Jul 14, 2013

a dream of haptic realism



ying li. recent paintings.
new york studio school 
8 w 8th street
new york, ny 10011
june 6, 2013 - july 20, 2013

confession: i have a b.a. in art, but i never received a proper art education until college. because my mother was a fairly abstract painter and sculptor while i was growing up, the idea of getting a "formal training" rarely pressed me with great urgency, even though she had undergone traditional art curriculi. i drew mostly black and white cartoons and caricatures. i was an attentive observer of the world around me, but what i put down on paper were shapes resulting from my own heavy-duty imaginative filtering process. i owned my medium of expression--or felt my skills sufficient enough. i did not deem it necessary to know about the rules of proportion and perspective.

when i took an actual (the real deal!) painting class in college, i thought it one of the most difficult things i had ever done. i could sketch out a cartoon rendering of a scene or person in a few seconds, but paint would not do what i wanted it to do. this was incredibly frustrating to a person who was used to expressing herself visually. i was at the mercy of paint: i knew what i was trying to paint, but the mysterious mess of my canvas often resembled puddles of decomposed restaurant waste. to avoid muddying my colors, i spent lengths of time just standing before the easel. seeing my timid and trembling brush, my professor came up to me and told me not to be afraid of the canvas. easier said than done, i thought. but when i saw her paint a landscape for the first time, i finally understood what she had meant.

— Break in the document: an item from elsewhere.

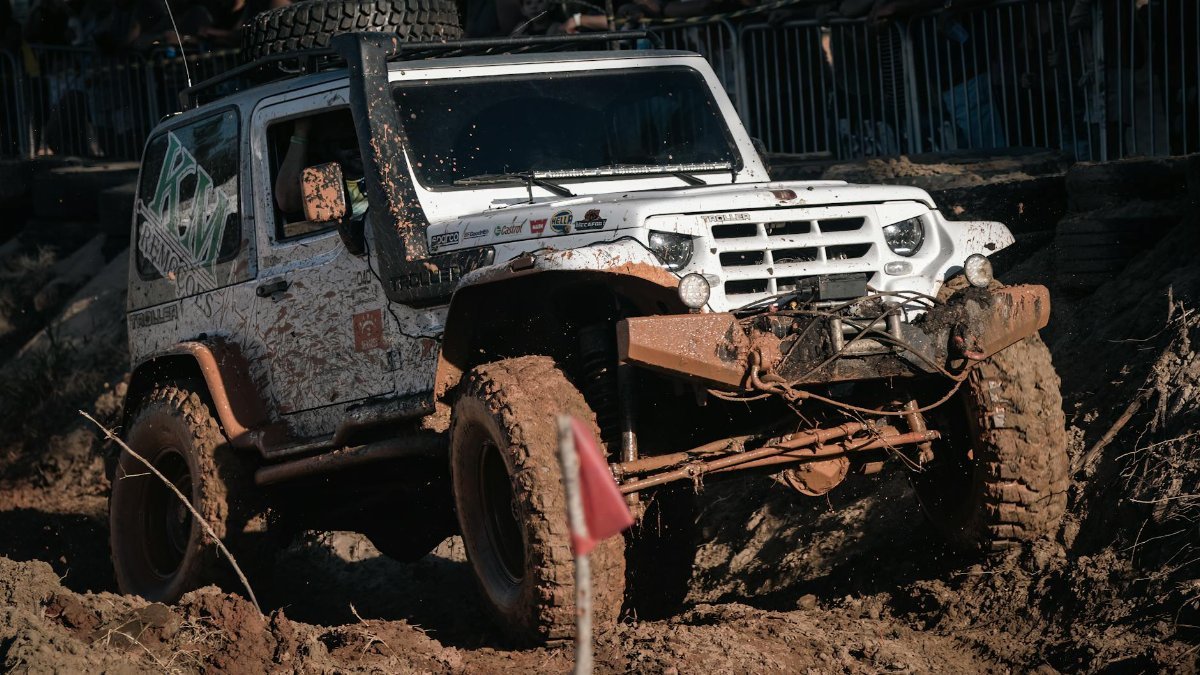A rugged off-road vehicle navigating a challenging muddy terrain during the day.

ying (we called her by her first name) and painting have been friends for decades. just like any old friends, they know each other very well--maybe too much. they share stories and laughter; they also fight. "be physical!" she used to tell us. for her, their time together appeared to oscillate between violent disputes and sessions of lovemaking. her land- and seascapes reflect the deep and complicated relationship between them and more.

the richness of her paintings stem from the two having gone to and seen these places together. she breathed the salty breeze of an island shore through the medium of painting. she heaved a bittersweet sigh under a shower of fiery maple leaves through the medium of painting. their memories cross paths but they also diverge. her paintings display a constant negotiation between their shared experience--a tumultuous love evolving as they journey through scenic adventures in nature.




photographic reproductions can never do justice to her work. her paintings are three-dimensional (like tree bark, she has said in an interview); a photograph inevitably flattens her strikingly haptic interaction with her medium. ying sculpts paint: she piles it up, smooths it over, twists, builds, carves paths. though small, her beautifully colorful paintings compete with the immersive experiences of large abstract paintings by pollock or rothko. 

each canvas submerges the viewer in a stream of hazy dreams that dramatically unfold with time. when we dream, our vision is blurry and the details of the scene slip from our memory, but the emotional experience feels more real than in real life. when we awake, the feelings linger, though we cannot recall exactly what we have dreamt. ying gives equal weight to every aspect of being present somewhere. she is a painter, but sight is only one gateway to the mysterious world of dreams, feelings, memories, and thoughts. we feel as we recall. we smell as we reminisce. a landscape may alter very little, but it begins to evolve in our (un)conscious as soon as we leave it. 


ying's paintings faithfully convey how we experience places as they change over time--as we change. we look back at photographs of the past to remind ourselves of things beyond what they contain within their frames. ying's work is her collaboration with her friend and love in their attempts to recreate the visceral, those things beyond the frames. as i stand before each, i willingly stand in awful surrender to how their memories unfold together. i can only dream of such romance between myself and writing.